▶ **EXERCISE**:
Please transcribe only the lines that run from the line bearing "Load image into" to the end of the entries, keeping both end lines. Skip the pictures.

(Crawled caption data)

+++++

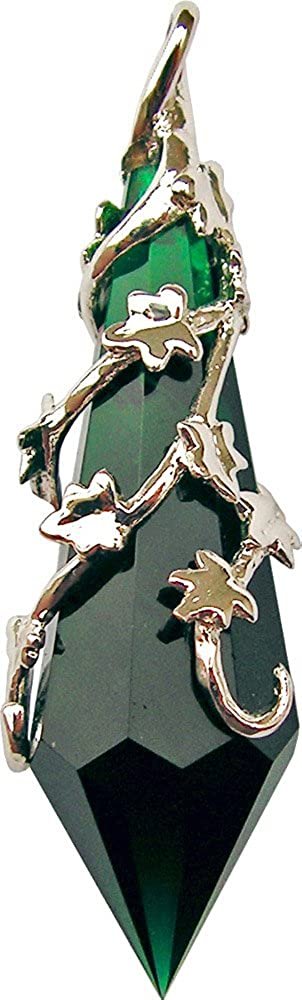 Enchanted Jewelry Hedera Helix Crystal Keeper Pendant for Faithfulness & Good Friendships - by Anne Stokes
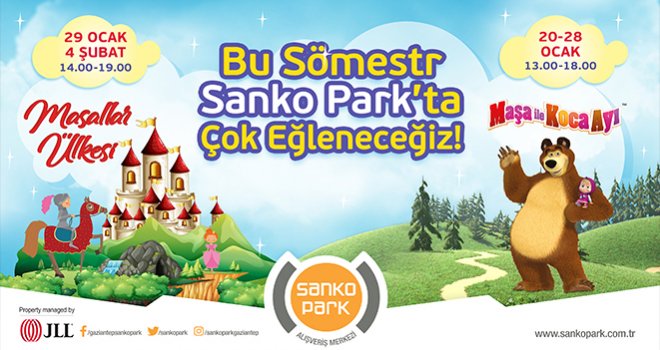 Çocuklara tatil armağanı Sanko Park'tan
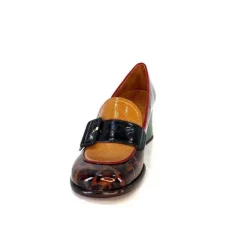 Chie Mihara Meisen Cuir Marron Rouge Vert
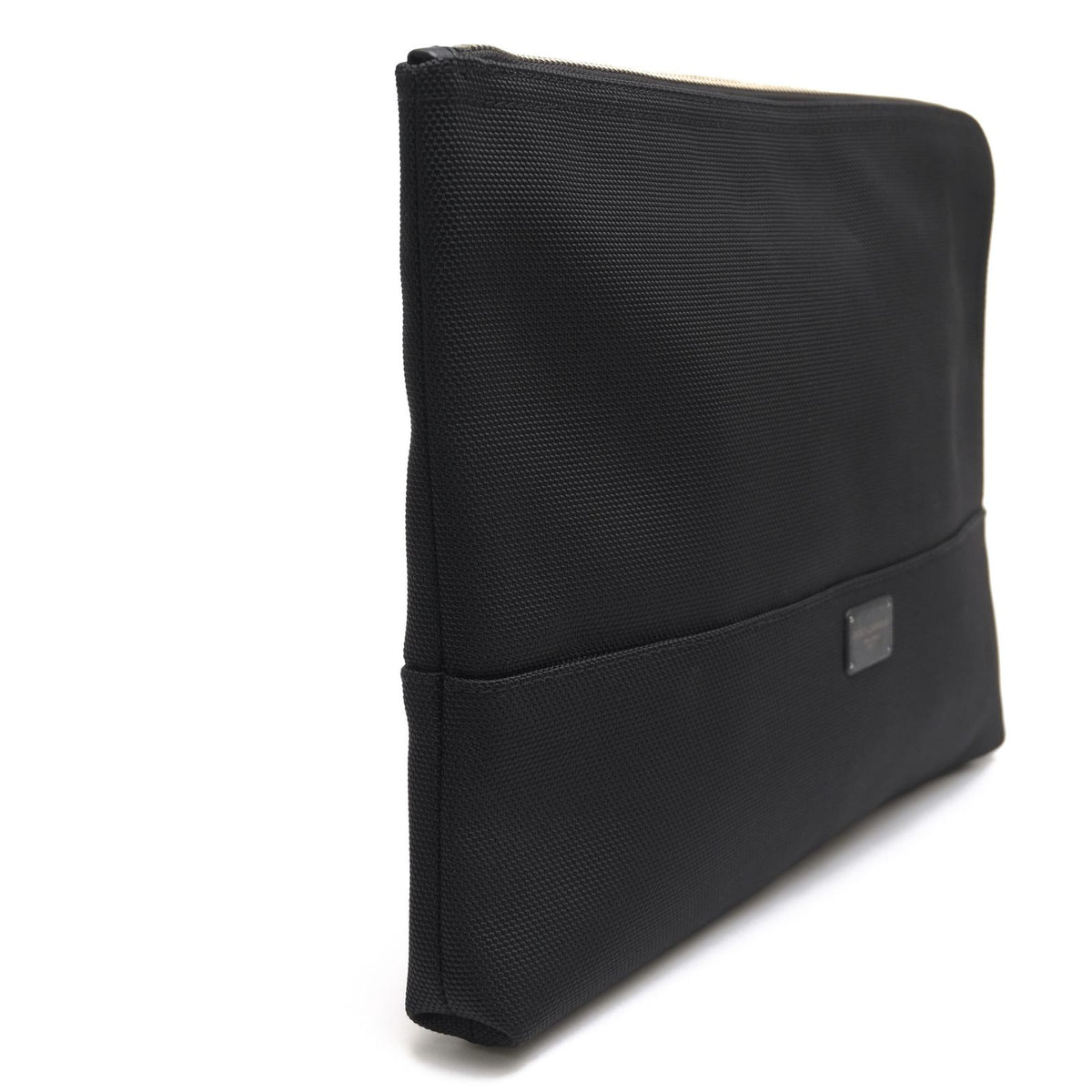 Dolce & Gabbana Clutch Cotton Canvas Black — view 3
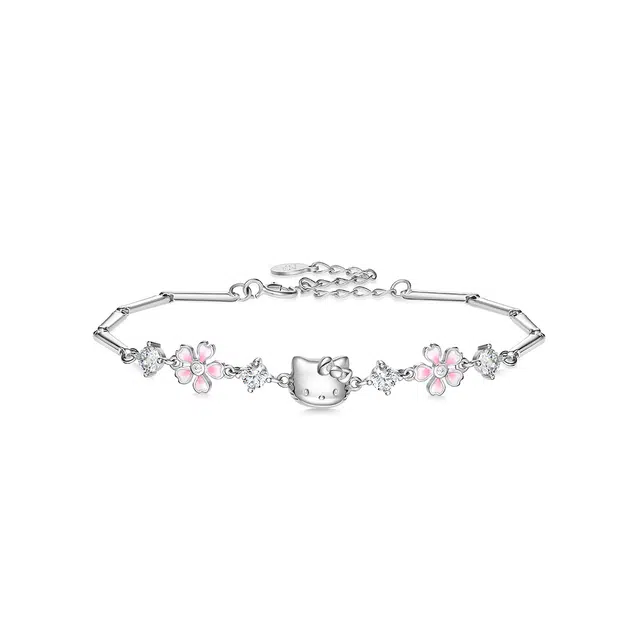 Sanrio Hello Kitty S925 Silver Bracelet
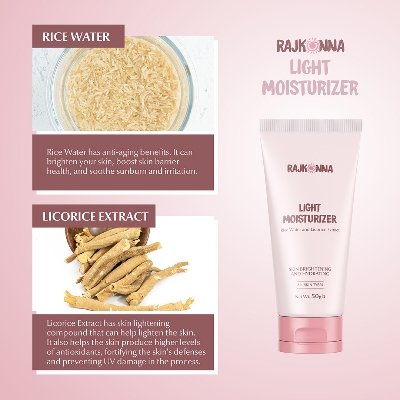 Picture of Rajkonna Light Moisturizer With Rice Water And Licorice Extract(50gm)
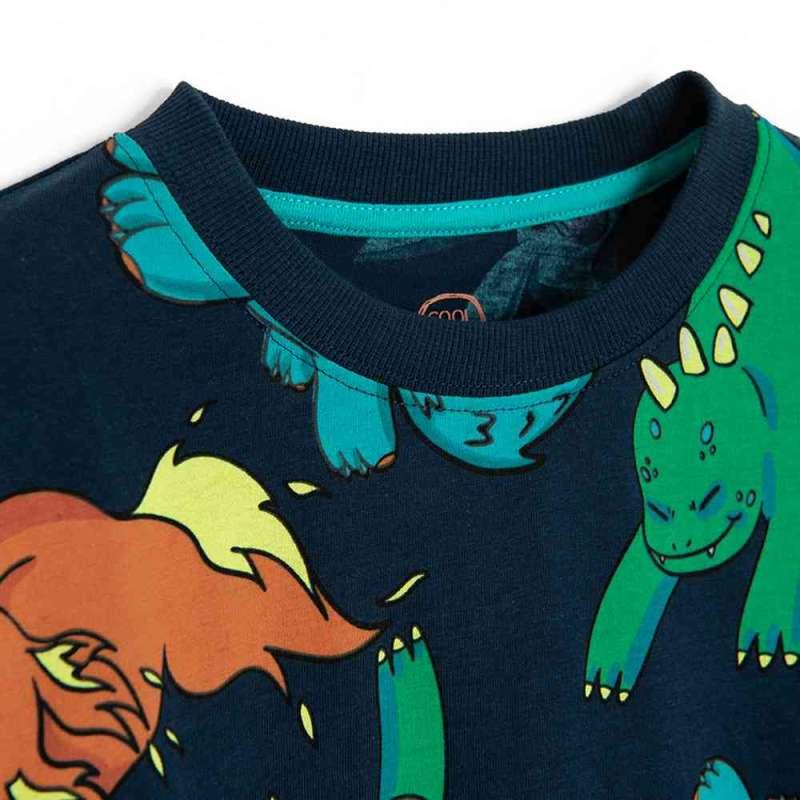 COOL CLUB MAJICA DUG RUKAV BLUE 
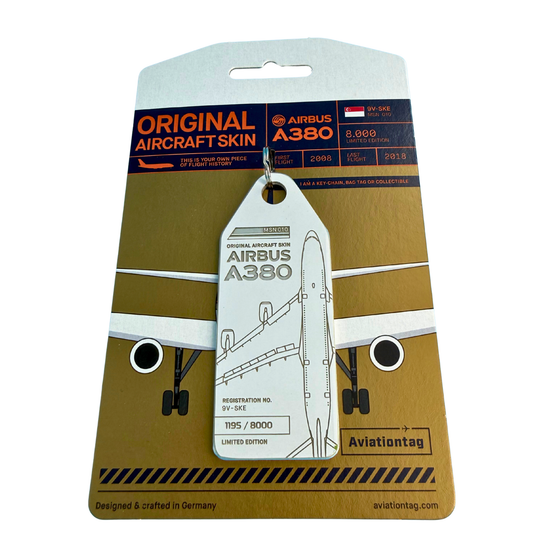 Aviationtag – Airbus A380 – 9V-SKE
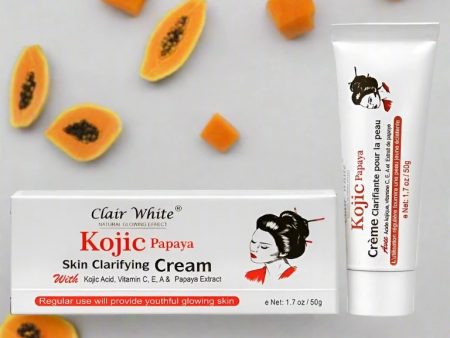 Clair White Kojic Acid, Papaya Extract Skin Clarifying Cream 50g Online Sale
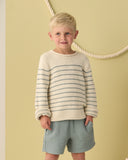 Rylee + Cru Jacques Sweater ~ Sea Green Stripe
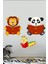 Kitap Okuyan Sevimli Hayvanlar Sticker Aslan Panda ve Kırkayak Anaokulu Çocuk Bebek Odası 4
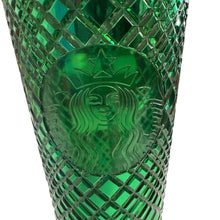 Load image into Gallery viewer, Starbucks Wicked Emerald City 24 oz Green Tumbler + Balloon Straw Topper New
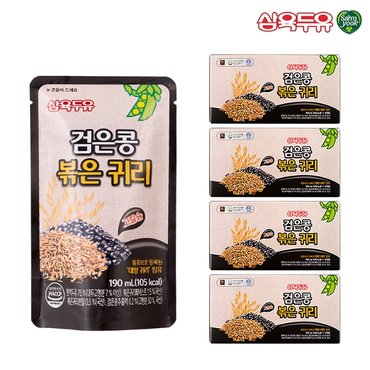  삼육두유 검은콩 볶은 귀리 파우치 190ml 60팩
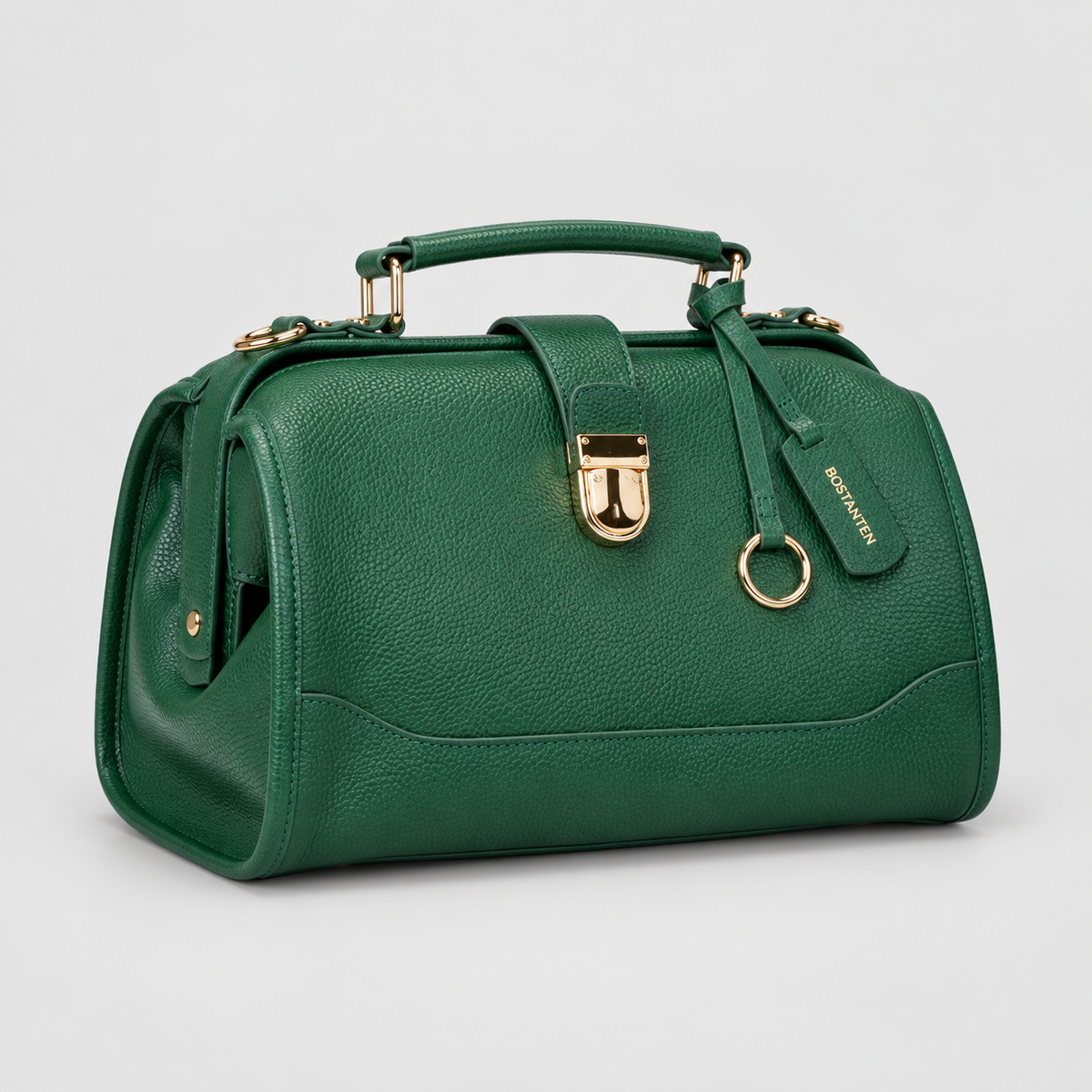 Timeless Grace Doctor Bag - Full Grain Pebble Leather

+++++

▶ **EXPECTED OUTPUT**:
 Load image into Gallery viewer, Starbucks Wicked Emerald City 24 oz Green Tumbler + Balloon Straw Topper New
  삼육두유 검은콩 볶은 귀리 파우치 190ml 60팩
 Timeless Grace Doctor Bag - Full Grain Pebble Leather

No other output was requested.